It centres on the cession of the intangible
asset comprising the
contractual rights to enforce the restraint against the second
respondent. This asset belongs to the
business and is severable
from an employee’s agreement to work.
[65]
In the absence
of the basic building blocks necessary to link the restraint to her
employment by Barloworld from 10 December 2008,
it must follow that I
am unable to find that the obligations created under the restraint
entered into with the third applicant
during 2003 were ceded to
Barloworld. Arising from this conclusion it follows that Barloworld
did not become entitled to enforce
the restraint obligations against
the second respondent, not having received a cession of the
contractual rights from the third
applicant.
[66]
If the
restraint did not survive the transfer of the second respondent’s
employment to Barloworld, the transfer of her employment
to the
second applicant with effect from 7 September 2021 could not have
vested the second applicant with stronger rights to enforce
the
restraint.
The
maxim
nemo
plus iuris transferre potest quam ipse habet
applies
here and has the consequence that Barloworld could not have
transferred more rights to the second applicant than what it
held.
[67]
The
Labour Appeal Court recently found in
Beedle
v Slo-Jo Innovations Hub (Pty) Limited
[38]
that
where an employee under restraint of trade had her employment
transferred to a newly established company as part of an internal
restructuring of an existing business, this did not alter the terms
of her employment which remained on the same terms and conditions.
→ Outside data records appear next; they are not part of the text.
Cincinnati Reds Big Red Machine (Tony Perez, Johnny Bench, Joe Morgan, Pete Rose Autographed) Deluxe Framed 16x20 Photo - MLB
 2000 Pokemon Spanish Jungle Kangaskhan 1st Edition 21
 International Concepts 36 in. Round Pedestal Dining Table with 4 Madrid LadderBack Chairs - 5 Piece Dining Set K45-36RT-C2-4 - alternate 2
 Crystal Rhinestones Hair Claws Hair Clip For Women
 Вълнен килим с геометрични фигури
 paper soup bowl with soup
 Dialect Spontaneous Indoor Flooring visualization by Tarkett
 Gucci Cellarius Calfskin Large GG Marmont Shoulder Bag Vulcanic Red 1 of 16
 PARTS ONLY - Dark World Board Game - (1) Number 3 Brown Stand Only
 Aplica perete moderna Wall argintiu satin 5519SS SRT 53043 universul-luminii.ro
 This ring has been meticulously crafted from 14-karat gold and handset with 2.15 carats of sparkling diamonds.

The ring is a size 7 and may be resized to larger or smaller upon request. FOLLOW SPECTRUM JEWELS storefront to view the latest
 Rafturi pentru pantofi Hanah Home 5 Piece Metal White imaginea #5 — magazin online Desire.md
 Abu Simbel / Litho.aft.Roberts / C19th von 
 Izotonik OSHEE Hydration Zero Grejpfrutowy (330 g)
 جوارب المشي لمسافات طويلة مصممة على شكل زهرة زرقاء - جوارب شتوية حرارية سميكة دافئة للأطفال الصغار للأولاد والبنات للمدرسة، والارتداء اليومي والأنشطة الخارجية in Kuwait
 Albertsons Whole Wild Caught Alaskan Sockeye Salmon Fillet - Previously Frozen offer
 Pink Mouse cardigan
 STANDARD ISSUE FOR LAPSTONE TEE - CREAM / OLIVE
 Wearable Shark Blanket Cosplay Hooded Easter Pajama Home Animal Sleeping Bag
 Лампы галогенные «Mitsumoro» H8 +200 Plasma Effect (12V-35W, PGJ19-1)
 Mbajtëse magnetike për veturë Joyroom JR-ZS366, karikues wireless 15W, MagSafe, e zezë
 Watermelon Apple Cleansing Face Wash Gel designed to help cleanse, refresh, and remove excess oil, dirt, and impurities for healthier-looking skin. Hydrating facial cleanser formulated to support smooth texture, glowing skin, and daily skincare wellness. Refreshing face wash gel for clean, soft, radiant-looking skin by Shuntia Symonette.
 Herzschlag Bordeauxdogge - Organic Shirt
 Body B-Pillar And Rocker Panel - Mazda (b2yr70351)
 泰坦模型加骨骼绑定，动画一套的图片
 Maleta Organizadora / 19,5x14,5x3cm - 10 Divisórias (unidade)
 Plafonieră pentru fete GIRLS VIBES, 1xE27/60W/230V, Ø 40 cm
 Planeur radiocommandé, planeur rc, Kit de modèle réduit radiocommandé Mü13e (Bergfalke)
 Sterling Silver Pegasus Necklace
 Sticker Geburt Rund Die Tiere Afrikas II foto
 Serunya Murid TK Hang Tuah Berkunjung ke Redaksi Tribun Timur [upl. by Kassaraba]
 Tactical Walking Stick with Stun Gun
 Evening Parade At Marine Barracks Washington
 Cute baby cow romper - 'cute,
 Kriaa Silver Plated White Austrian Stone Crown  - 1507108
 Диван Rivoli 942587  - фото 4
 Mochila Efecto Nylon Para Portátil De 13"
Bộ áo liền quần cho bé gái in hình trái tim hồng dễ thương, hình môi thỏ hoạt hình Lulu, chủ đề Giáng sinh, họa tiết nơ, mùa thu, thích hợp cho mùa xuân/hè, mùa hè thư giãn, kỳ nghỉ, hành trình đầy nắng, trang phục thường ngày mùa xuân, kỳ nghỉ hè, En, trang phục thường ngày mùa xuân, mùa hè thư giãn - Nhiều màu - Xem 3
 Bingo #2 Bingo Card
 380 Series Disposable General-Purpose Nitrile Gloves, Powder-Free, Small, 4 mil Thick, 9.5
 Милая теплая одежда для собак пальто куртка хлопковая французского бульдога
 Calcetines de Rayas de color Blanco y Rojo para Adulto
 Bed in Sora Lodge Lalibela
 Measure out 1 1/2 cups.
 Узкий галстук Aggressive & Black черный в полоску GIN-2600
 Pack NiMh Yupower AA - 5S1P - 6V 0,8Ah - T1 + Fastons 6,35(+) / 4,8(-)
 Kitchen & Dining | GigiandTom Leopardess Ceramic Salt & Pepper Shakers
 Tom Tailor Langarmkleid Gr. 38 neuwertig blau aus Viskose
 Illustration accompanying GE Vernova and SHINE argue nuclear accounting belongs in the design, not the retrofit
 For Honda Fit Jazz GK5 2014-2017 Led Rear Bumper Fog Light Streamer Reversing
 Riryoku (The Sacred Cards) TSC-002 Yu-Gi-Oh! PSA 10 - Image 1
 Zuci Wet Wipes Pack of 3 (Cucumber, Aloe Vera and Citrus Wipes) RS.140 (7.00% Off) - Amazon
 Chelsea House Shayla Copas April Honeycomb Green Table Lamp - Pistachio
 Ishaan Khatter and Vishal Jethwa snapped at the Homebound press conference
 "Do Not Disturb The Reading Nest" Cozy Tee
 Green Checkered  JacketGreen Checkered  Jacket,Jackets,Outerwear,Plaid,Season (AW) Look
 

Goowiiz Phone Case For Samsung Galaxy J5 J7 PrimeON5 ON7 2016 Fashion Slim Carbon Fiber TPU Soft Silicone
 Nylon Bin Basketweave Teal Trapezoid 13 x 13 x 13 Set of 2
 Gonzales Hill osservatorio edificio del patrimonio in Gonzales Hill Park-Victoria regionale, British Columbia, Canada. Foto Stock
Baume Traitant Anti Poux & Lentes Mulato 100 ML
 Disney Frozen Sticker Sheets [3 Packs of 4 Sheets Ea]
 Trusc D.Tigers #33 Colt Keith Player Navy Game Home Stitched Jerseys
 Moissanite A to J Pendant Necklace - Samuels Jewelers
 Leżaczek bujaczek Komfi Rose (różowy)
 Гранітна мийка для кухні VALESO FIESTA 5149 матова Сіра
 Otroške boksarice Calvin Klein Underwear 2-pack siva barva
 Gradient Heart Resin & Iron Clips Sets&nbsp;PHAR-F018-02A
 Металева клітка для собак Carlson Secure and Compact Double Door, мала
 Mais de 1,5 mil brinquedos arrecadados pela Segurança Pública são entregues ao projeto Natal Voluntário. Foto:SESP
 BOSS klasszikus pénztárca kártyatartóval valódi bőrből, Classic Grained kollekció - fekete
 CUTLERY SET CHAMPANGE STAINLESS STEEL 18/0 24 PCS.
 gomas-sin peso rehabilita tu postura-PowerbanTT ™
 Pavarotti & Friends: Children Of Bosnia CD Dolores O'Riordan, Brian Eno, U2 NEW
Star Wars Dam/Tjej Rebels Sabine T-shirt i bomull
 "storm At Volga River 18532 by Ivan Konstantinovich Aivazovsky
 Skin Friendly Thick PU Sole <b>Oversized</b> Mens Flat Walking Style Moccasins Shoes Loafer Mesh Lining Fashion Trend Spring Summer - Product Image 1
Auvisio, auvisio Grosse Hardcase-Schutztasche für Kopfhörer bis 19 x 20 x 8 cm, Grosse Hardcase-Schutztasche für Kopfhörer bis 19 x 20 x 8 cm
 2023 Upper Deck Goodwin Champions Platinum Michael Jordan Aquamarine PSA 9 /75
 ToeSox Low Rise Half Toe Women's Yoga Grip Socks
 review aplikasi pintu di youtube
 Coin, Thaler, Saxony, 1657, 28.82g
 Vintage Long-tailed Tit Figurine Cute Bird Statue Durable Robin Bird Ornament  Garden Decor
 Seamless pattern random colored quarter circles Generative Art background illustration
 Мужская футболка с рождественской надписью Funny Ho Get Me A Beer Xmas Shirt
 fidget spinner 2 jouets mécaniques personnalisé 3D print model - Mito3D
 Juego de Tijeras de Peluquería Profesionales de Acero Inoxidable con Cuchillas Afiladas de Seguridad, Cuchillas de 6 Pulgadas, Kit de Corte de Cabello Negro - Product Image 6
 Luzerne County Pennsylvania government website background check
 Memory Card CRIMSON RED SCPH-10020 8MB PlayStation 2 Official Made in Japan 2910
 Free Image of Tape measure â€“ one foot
On the facts before it, the Court found that there was no sale of the
business to a third party as in
Carapax
and
Securicor
.
There was in the circumstances no need to consider the question of
whether the restraint formed part of the goodwill of
the business as
there was no sale of the goodwill given that it was an internal
transaction only that resulted in the creation
of a new subsidiary
that would employ the appellant.
[68]
While
the applicants allege that Barloworld “is a division under the
Applicant”
[39]
the
organogram setting out the corporate structure of the group does not
include Barloworld as part of the Zeda Group with no reference
made
to the company.
[40]
[69]
I
find for this reason that Barloworld is an external third party.
The reasoning in
Beedle
which carves out an exception to the application of the general
principles in
Carapax
and
Securicor
is
limited to instances where the transfer of employment concerns an
internal transfer within a group. It does not implicate
the
question of whether the restraint survives a transfer of employment
to a third party as part of the goodwill of the sale of
business
which accompanies the transfer of employment.
[70]
The
decision therefore does not assist the applicants since there is no
evidence that the transfer to Barloworld was an internal
one only.
[71]
I
deem it necessary to briefly address certain of the arguments raised
on behalf of the applicants.
[72]
The
applicants submitted that because it was recorded in writing that the
second respondent’s current
terms
and condition would not be impacted but would remain the same upon
her assuming
employment
with the second applicant on 7 September 2021
,
[41]
this
had the consequence that the right to enforce the restraint by
implication continued to apply as part of the terms and conditions
of
her employment. I disagree.
[73]
There is no
evidence to show that the second applicant took cession of the
benefit created by the restraint from Barloworld.
The
fact that the balance of her terms and conditions remained the same
is of no assistance to the applicants. It does not
address this
obvious
lacuna
in their case of how the benefit of the restraint as a component of
the goodwill of the business was ceded to the second applicant
as
part of the bundle of assets forming part of such a transaction
between Barloworld and the second applicant.
[74]
The
status of the first applicant as its holding company is of no
consequence either. This does not vest it with any special
rights to enforce the restraint. A holding company remains a separate
juristic person from its subsidiaries and unless a cession
of the
goodwill which must include the benefit of the restraint was effected
to the first applicant, the first applicant cannot
enforce the
contractual rights forming the subject of the benefit.
[75]
I
know of no principle in law that allows a holding company to do so.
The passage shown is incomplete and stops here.